Ich denke das nicht. Du stellst Dir das ein ganzes Stück zu einfach vor. HTML in Komponenten ist nicht trivial. Du machst nur ein bisschen Text, aber es könnte sich ja auch um Tabellen mit Bildern und dergleichen handeln. Die HTML-Darstellung kann schlecht ein Bild abschneiden und irgendwo drei Punkte hinmalen, weil sie keine Ahnung darüber hat, wo die Punkte denn passen würden.
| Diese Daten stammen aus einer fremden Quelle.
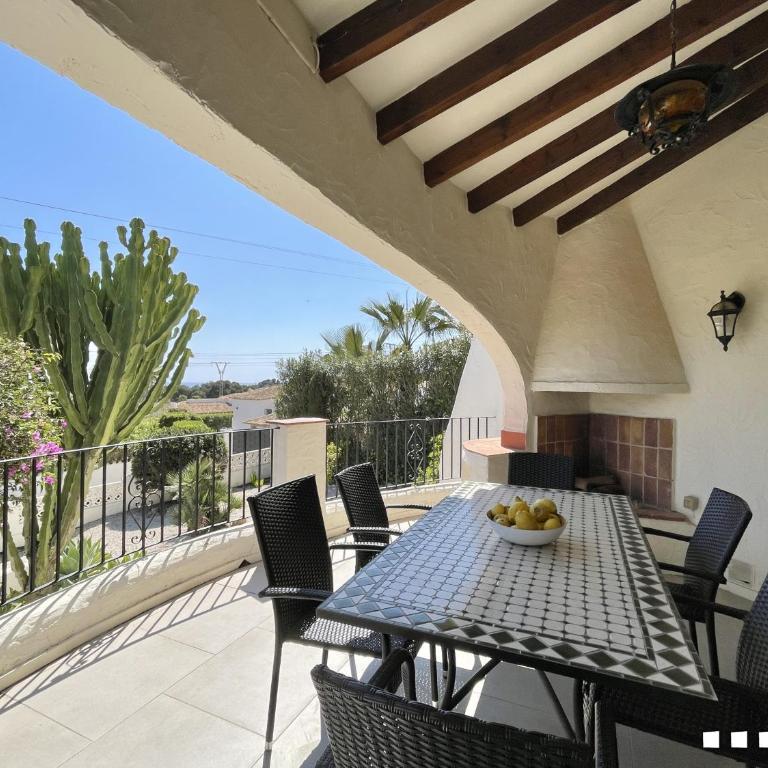 VH CostaBlanca- Orense - Villa mit 1 Schlafzimmer - 38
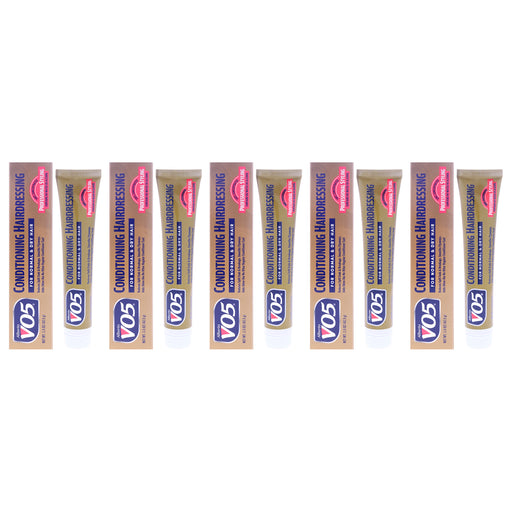 Alberto Vo5 Conditioning Hairdressing Normal To Dry Hair Pack Of 5
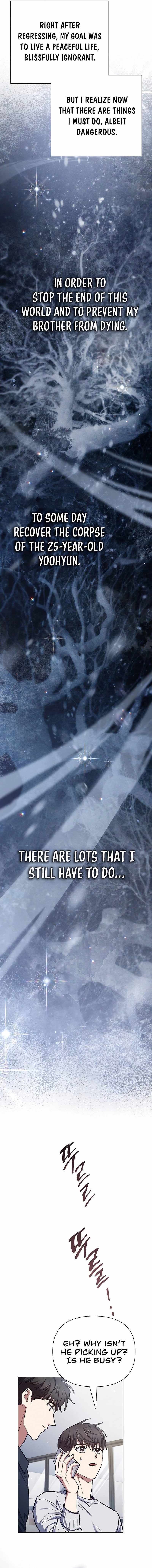 Read The S-Classes That I Raised chapter 130 image 13 on Lezhin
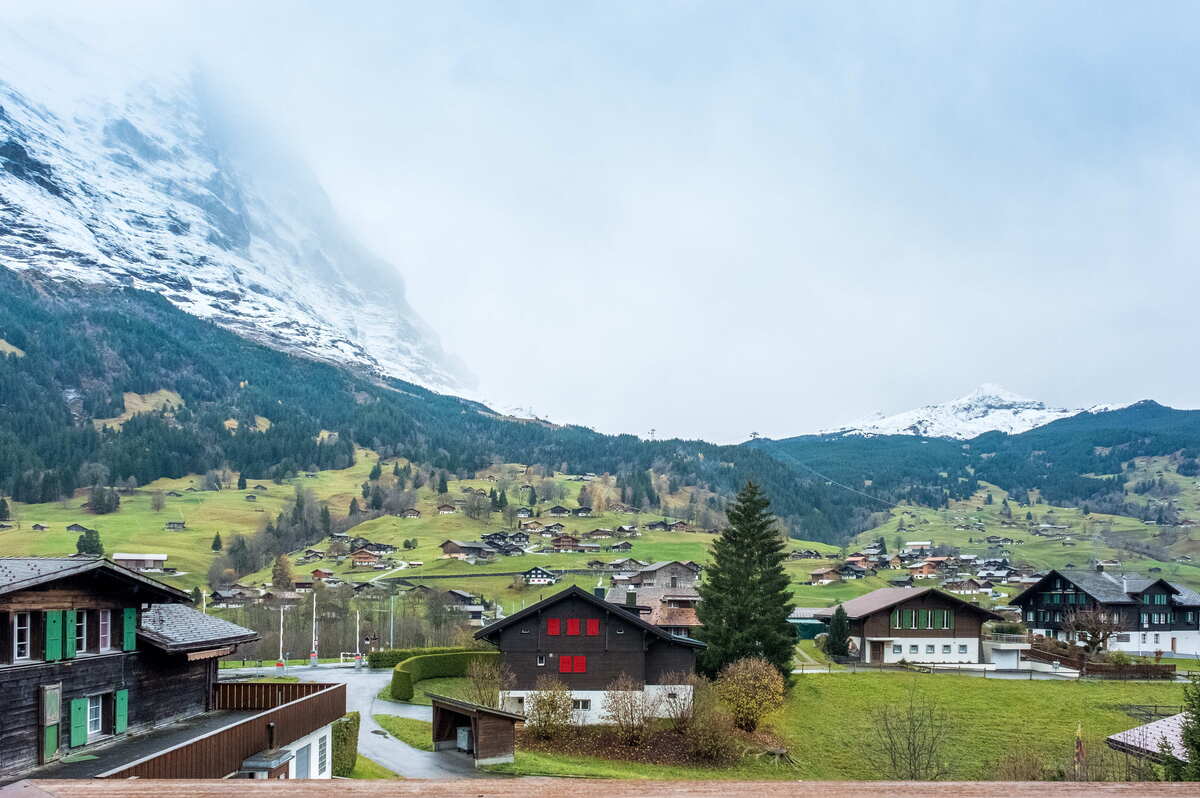 GRIWA RENT - Apartment Fagus - Grindelwald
Die Darstellung eines JLabel wird über dessen UI-Delegate gelöst (i.d.R. BasicLabelUI und deren Ableitungen). Zur HTML-Darstellung wird (nicht zwangsweise aber von allen mir bekannten Look And Feels) die BasicHTML-Klasse benutzt. Diese verteilt die Darstellung per BasicHTMLViewFactory, HTMLEditorKit und HTMLDocument auf viele verschiedene javax.swing.text.View-Ableitungen. Auf die Schnelle fällt mir da keine einfache Lösung ein.

Ebenius


----------



## jared (16. Aug 2010)

Hi!!!
Habe auch so ein ähnliches Problem. Mit dem JEditorPane zeigt er mir mein HTML-Code korrekt an, benutze ich aber JLabel, wird mir nichts angezeigt. Woran könnte dies liegen??
JEditorPane kann ich nicht benutzen, da ich dadurch nicht sehe, was darunter liegt. Ich muss aber sehen, was unter diesen liegt, gäbe es hierfür vllt eine Möglichkeit den Hintergrund transparent zu machen??

mfg


----------



## Michael... (16. Aug 2010)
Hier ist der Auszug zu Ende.